As reported by Hogewash!, Stacy McCain’s twitter account has been suspended. Probably something he said, but that’s probably not a good reason. At Dave Alexander & Company, we think people should stop doing business with those who they don’t like doing business with. On the other hand, it’s Twitter. Enforcing standards there would seem like a fool’s errand.

Oddly enough, I’m having a hard time remembering the other Other McCain
They have new “Trust and Safety Council,” which I’m sure will get to the bottom of this soon. Unless they caused it — which is more likely.
If you’re going to start deleting people’s accounts because of complaints…geesh guys…it’s Twitter.
Popehat’s Ken White has a nice response:
You should regard anything I say about Robert Stacy McCain with skepticism, because I hate him.
My loathing for him is sincere and entire. My revulsion for him is both conscious and subconscious, like a Donald Trump perforated with asymmetrical holes.
-snip-
When I say #FreeStacy, I mean “Twitter, you’ve providing an increasingly shitty product, I’m expecting to be banned from it arbitrarily soon, and I’ve been thinking for some time about where to focus social media attention instead.” Or “Twitter, before I thought this was mostly about low-level employees acting on their own biases.
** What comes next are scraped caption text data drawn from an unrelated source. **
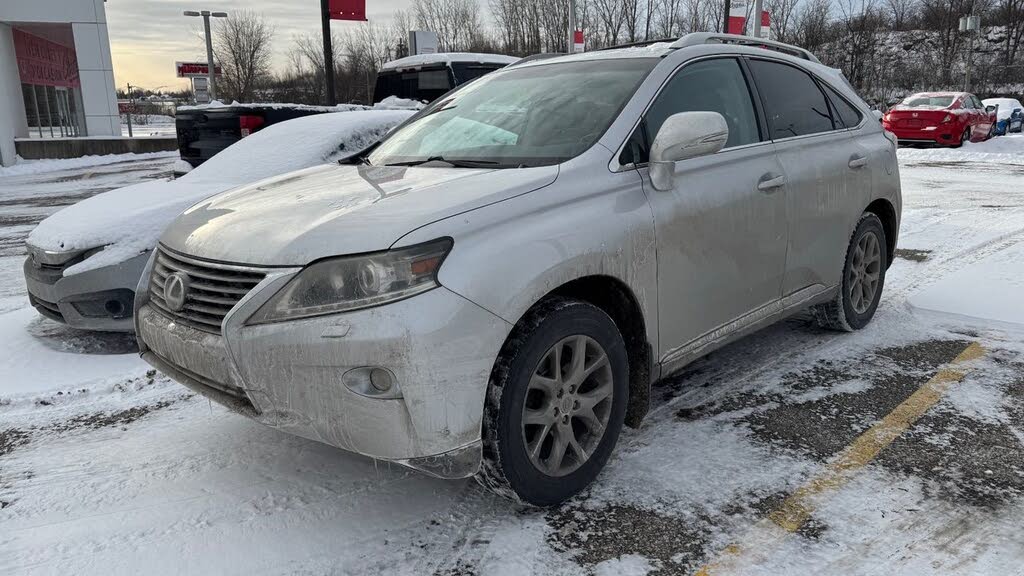 2013 Lexus RX 350 AWD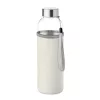 Üveg palack 500 ml (Bézs)
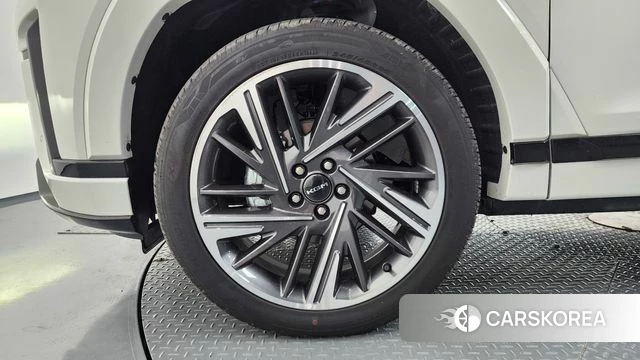 Ssangyong Actian 2nd Generation id 4629926 из Кореи 26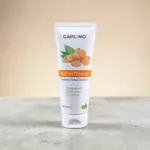 Caplino Brightening টারমারিক ফেসিয়াল ক্লিনজার 100ml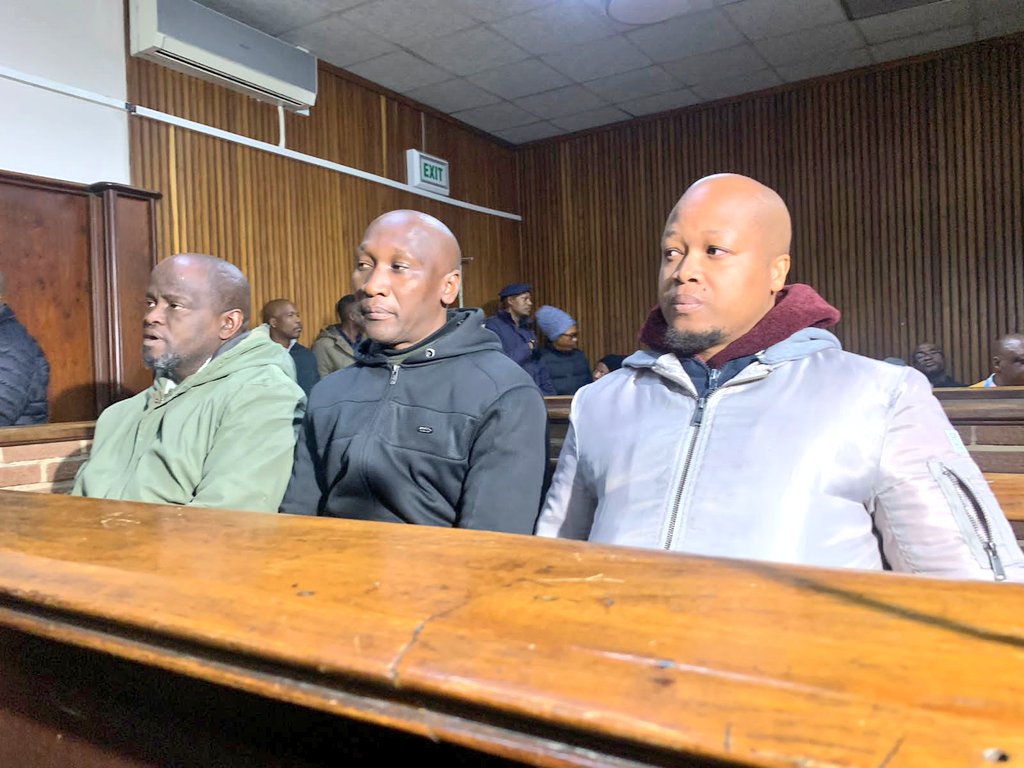 Accused Number 10 In The Thabo Bester Case Granted Bail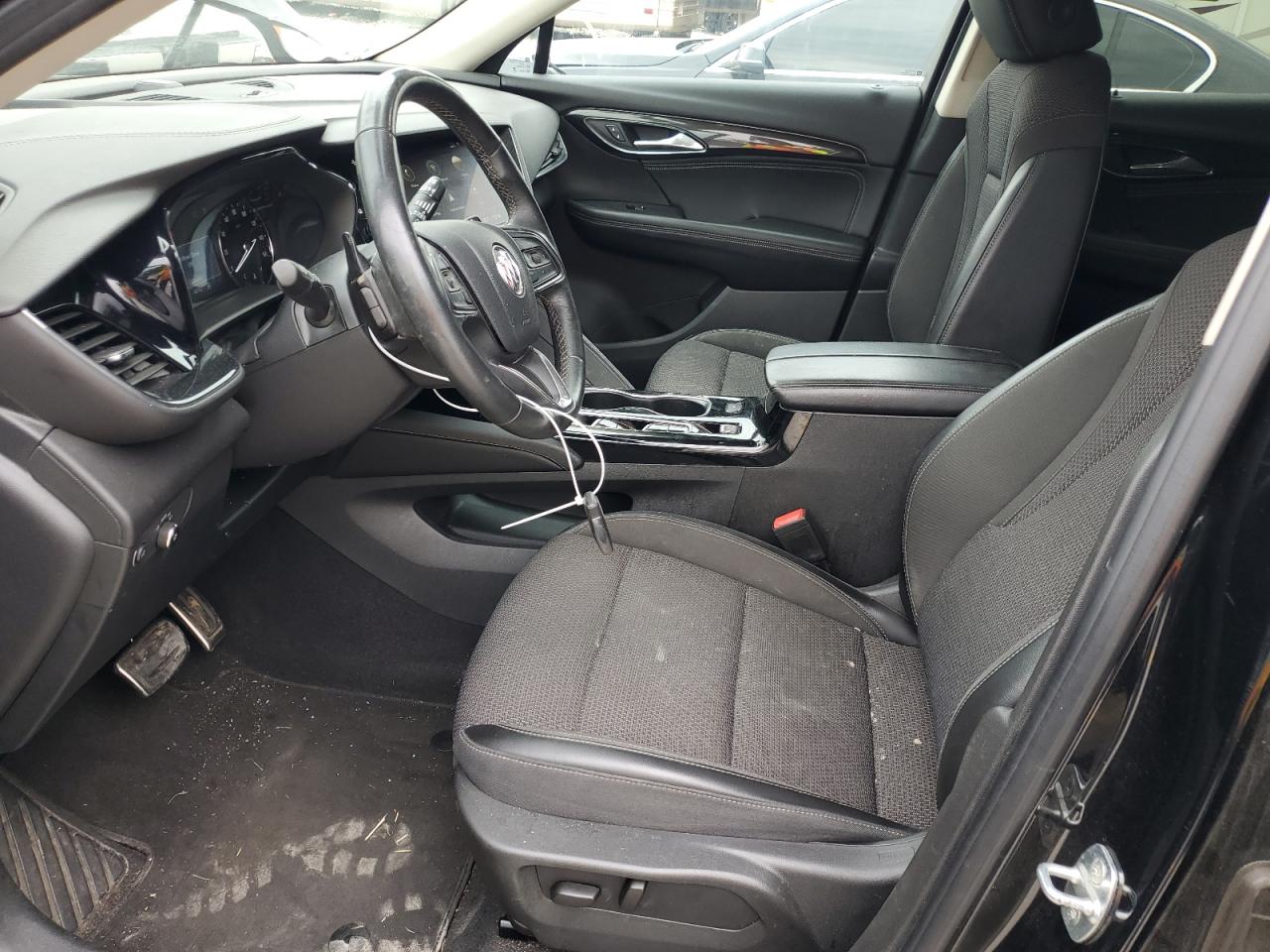 2023 Buick Envision Preferred VIN: LRBFZMR41PD168809 Lot: 60682955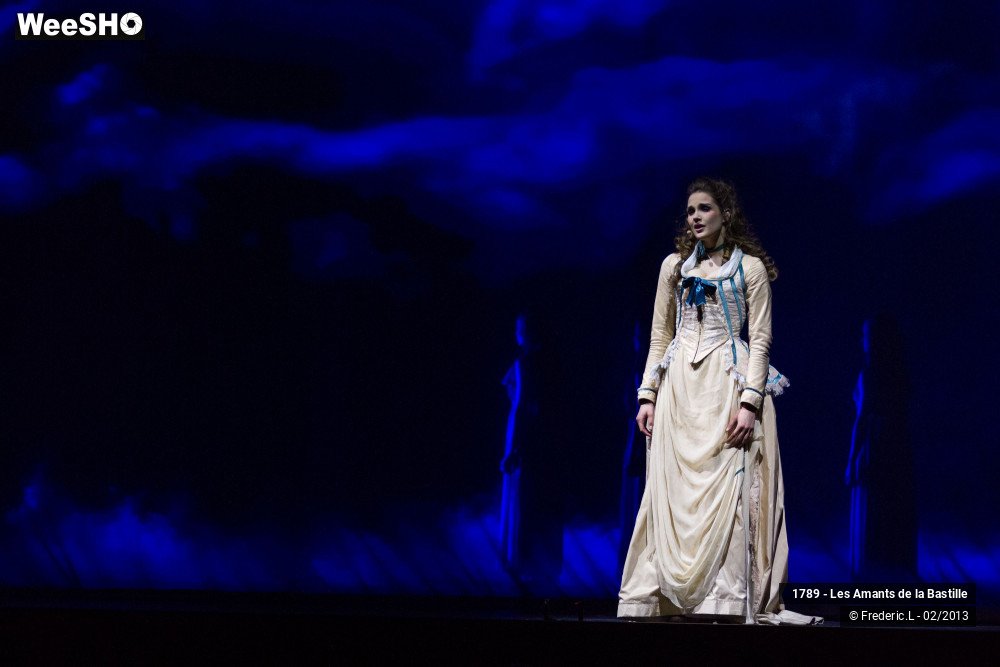 13/50 photos du spectacle 1789 - Les Amants de la Bastille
But I’m increasingly convinced by the argument that you’ve decided to offer a product aimed at a specific political group.” Or “Twitter, you sell yourself as separating harassment from free speech, but you don’t deliver.”
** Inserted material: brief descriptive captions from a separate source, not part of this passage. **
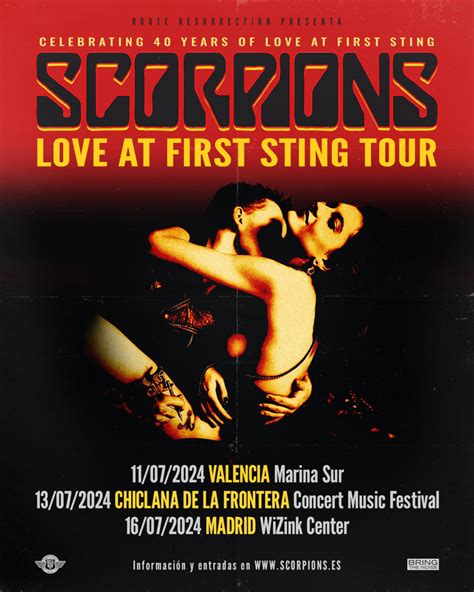 Sting Of Love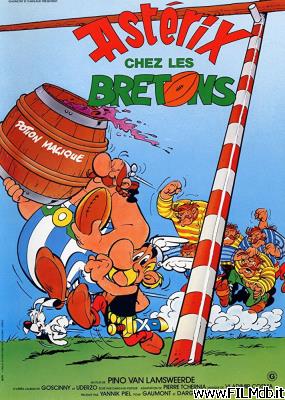 Poster of movie asterix e la pozione magica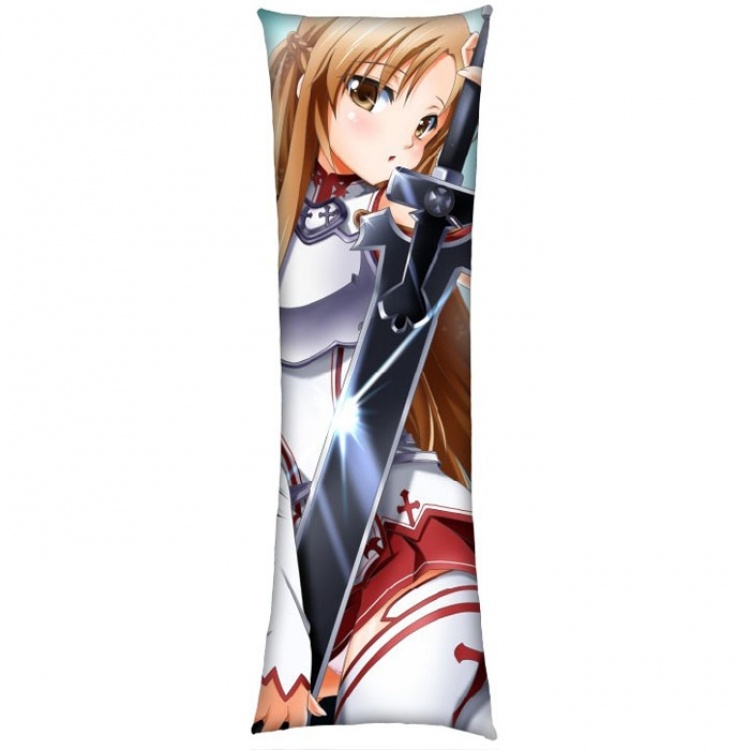 Sword Art Online Double-sides Long Cushion(need 3 days prepare) NO FILLING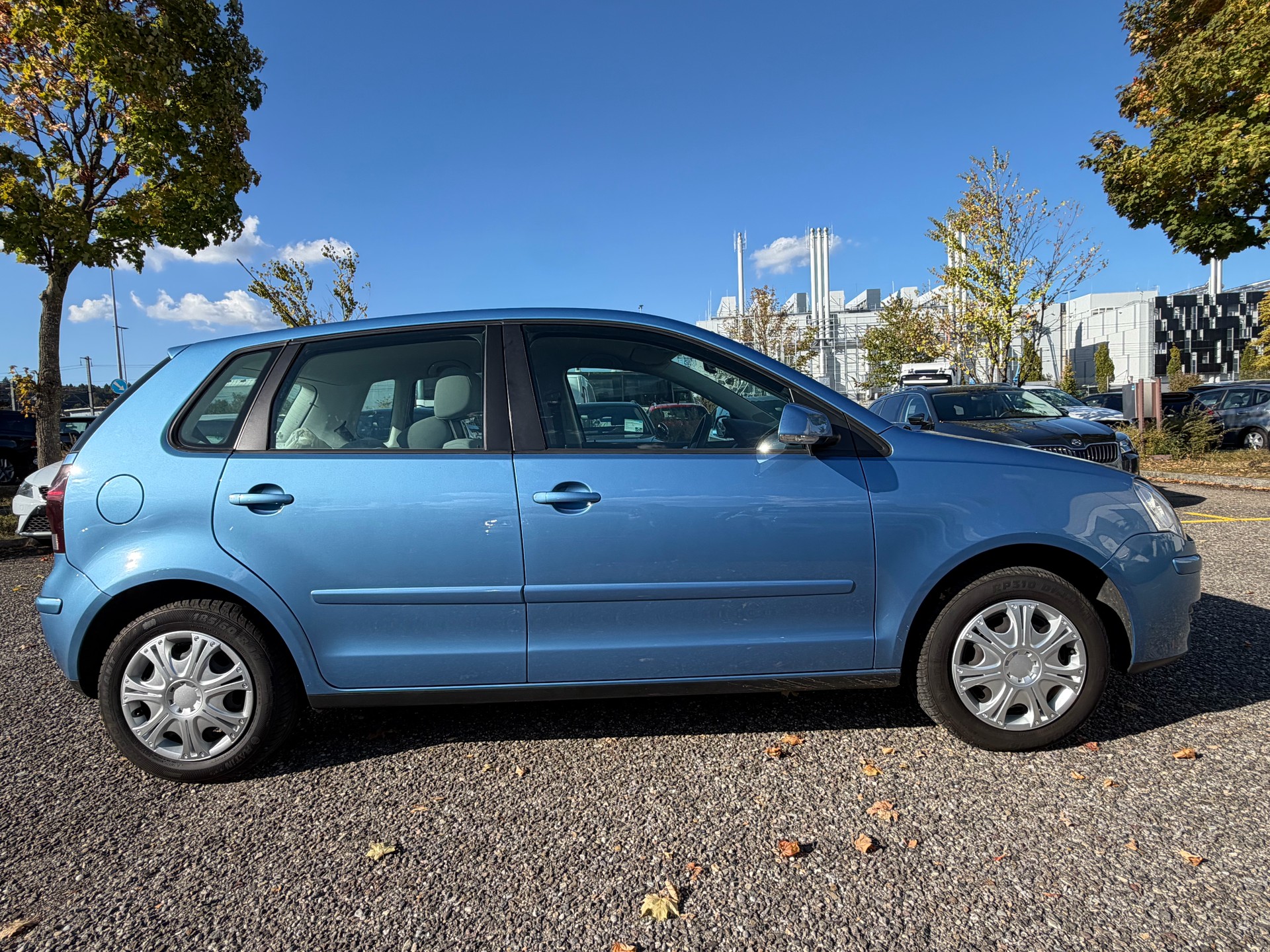 VW Polo 1.6 16V Comfortline-showroom-element-3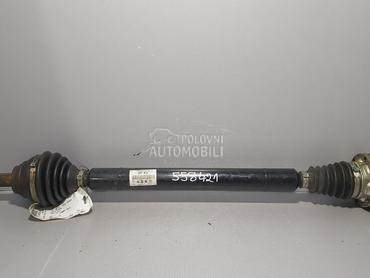 POLUOSOVINA za Volkswagen Touran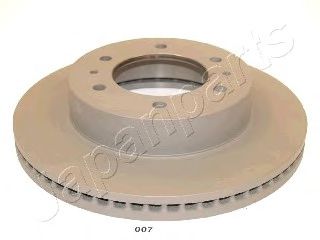 Тормозной диск JAPANPARTS DI-007 Тормозной диск JAPANPARTS DI-007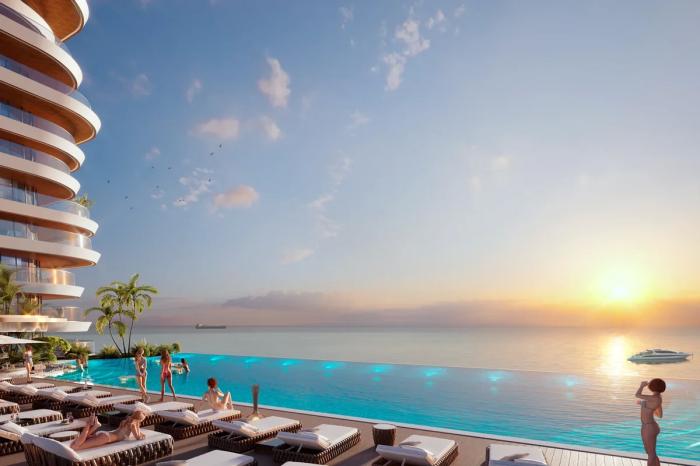 Доступные цены и вид на море. 5 современных ЖК в Батуми Доступные цены и вид на море. 5 современных ЖК в Батуми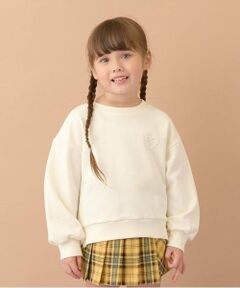 Lycee mine / リセマイン スウェット | 【万能アイテム】ワンポイントスウェット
In other words, rather than indulging in cries that Twitter is engaged in fascism, or book-burning, or Nazism, or totalitarianism (all of which I’ve seen said today), I’m saying that Twitter is engaging in a mix of private speech and product development that I don’t like, and demonstrating that its marketing patter about free expression has traveled beyond the realm of acceptable sales puffery into the noisome Kingdom of Bullshit.
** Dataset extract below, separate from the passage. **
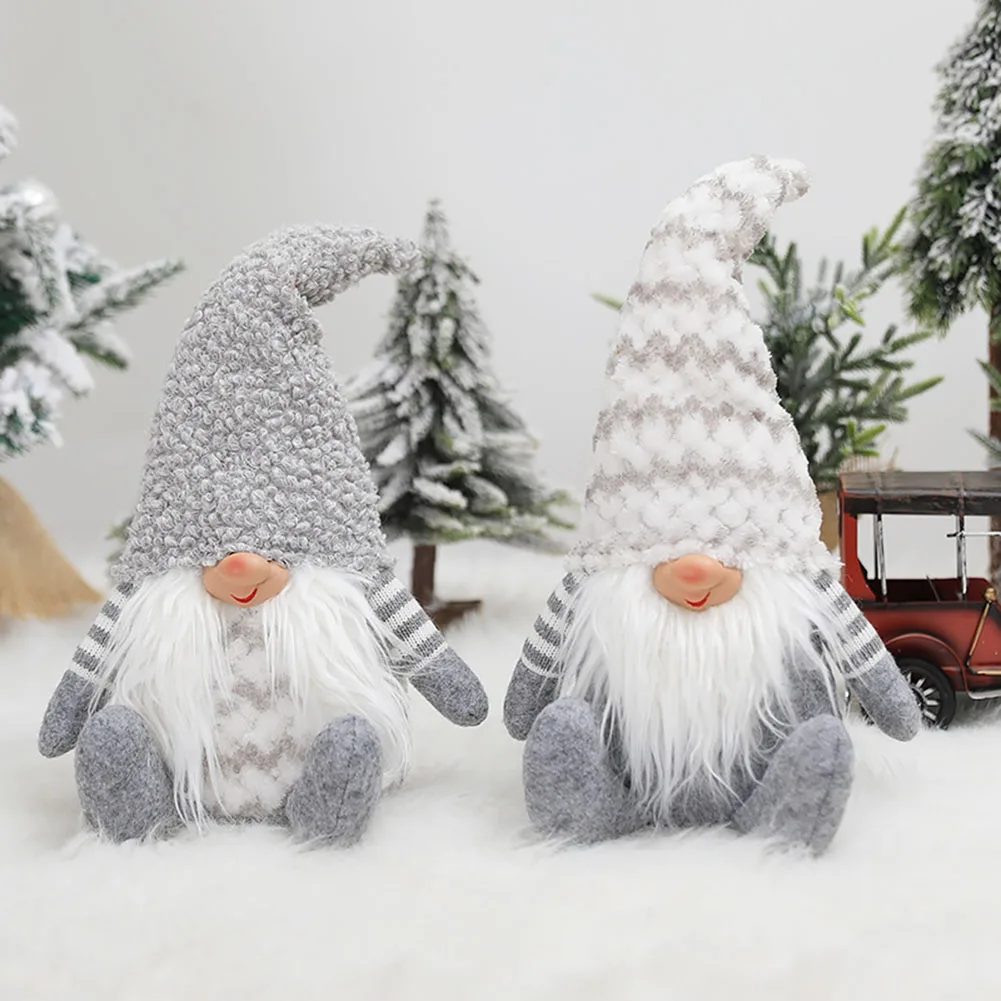 1pc Christmas Faceless Doll Gnome Merry Christmas Decoration For Home Ornament Noel New Year 2024 Party Supplies
1pc Christmas Faceless Doll Gnome Merry Christmas Decoration For Home Ornament Noel New Year 2024 Party Supplies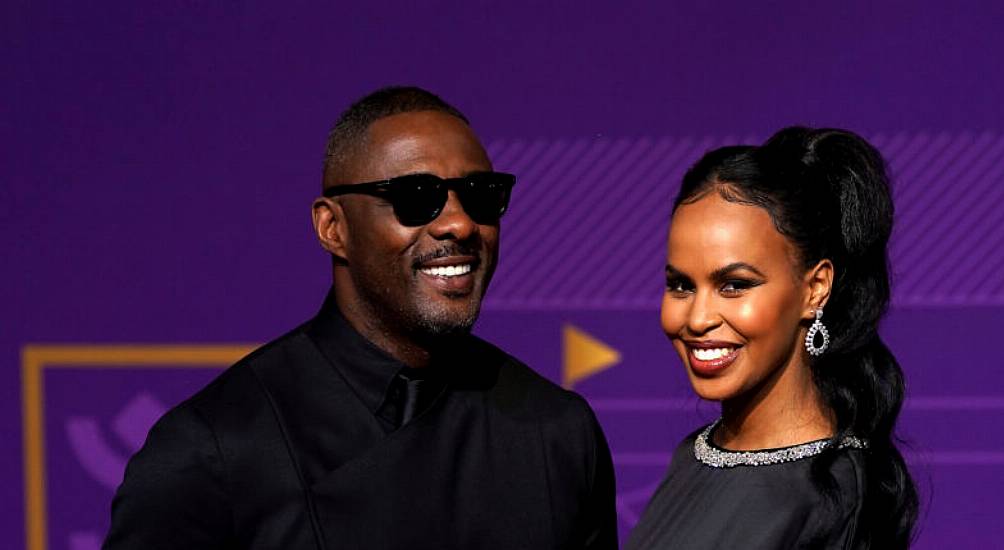 Idris Elba And Wife Sabrina ‘Extremely Humbled’ To Receive 2023 Crystal Award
I try to avoid the Kingdom of Bullshit whenever possible. I also avoid Twitter since I just don’t have time for it.
I suspect as does everybody else that he made somebody mad with his anti-feminism or his misogyny (depending on your perspective.) I know a guy who has had a hundred or so accounts and counting. His Twitter offenses are more clearly understood than McCain’s — since he has used Twitter to share personal information (including a beautiful picture of my house, my address and a shout-out to my employer about my disagreements with him.)
I support Stacy McCain’s effort to restore his account. I only see the Tweets he shares on his website — but none of it convinces me to figure he should be excluded. If Twitter wants to be a clearinghouse for opinion, Stacy McCain has more interesting opinions than most.
If they want to be a service exclusively devoted to progressives, boring people and celebrities, they’re well on their way.